In recent years, the stronger push for reducing GHG and NOx emissions has challenged vehicle manufacturers globally. In USA, Multi-Pollutant Emissions Standards for Model Years 2027 and Later Light Duty and Medium-Duty Vehicles released by EPA in April 2023 aims to reduce the CO2 emissions by 56% and 44%, respectively, for light and medium duty vehicles by 2032 from 2026 levels. It also includes the NMOG+ NOx standards, which require a 60 – 76% reduction by 2032 from 2026 levels for light to medium-duty vehicles. Europe also aims to reduce CO2 emissions by 55% by 2030 from 1990 levels and 100% by 2035.
To achieve such low levels of CO2 emissions, especially in the near-term scenario of limited EV sales, hybridization of conventional powertrains has found renewed interest. While hybrid powertrains add complexity, if optimized well for the application, they can offer best tradeoff between upfront cost, range, payload, performance, emissions and off-ambient operation. This study investigates the benefits and challenges of various hybrid architectures suitable for a pickup truck application using a model-based approach. First, a baseline vehicle model of a conventional powertrain pickup truck was developed using GT-SUITE and correlated to test data for fuel economy, and engine-out emissions over EPA regulatory cycles. Thereafter, the model was extended to represent various electrified powertrains such as P2, P3, P1P2, P1P3, range extender and Battery Electric Vehicle (BEV) architecture. The component sizes and energy management strategy for each hybrid architecture was then optimized using a genetic algorithm-based optimization approach to maximize fuel efficiency. The optimized powertrains were finally compared against each other on performance, fuel efficiency, added curb weight, added cost and cost of ownership.
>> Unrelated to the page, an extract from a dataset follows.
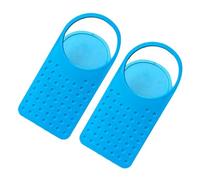 Clip On Cup Holder, ABS Chair Drink Rack With Flexible Clamp, Colourful Striped Tray And No Tool Setup For Desk Edge, Beach Chair, Poolside, Picnic, Camping And Outdoor Use Blue 2pcs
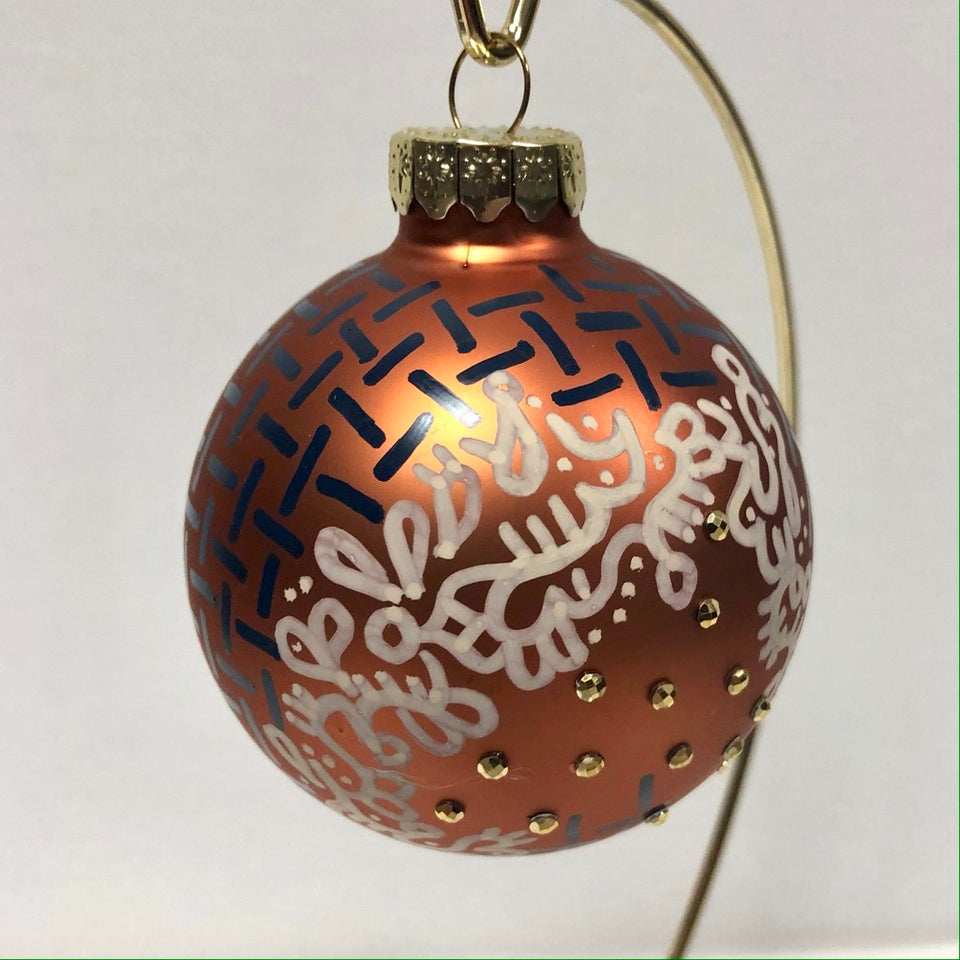 Copper Glass Ornament with Hand-painted Navy & White Detail and Gold beading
In comparison to the baseline vehicle, the optimized P1P2 and P1P3 parallel hybrid configurations showed a 29% and 32% increase in fuel economy over the regulatory cycles in charge sustaining mode, respectively. The range extender concept (referred to as hybrid BEV architecture in the study) with a dedicated hybrid engine showed the highest potential of 46% increase in fuel economy along with 75% reduction in engine-out NOx emissions. The hybrid BEV architecture also showed the lowest Total Cost of Ownership (TCO) among the other electrified powertrains.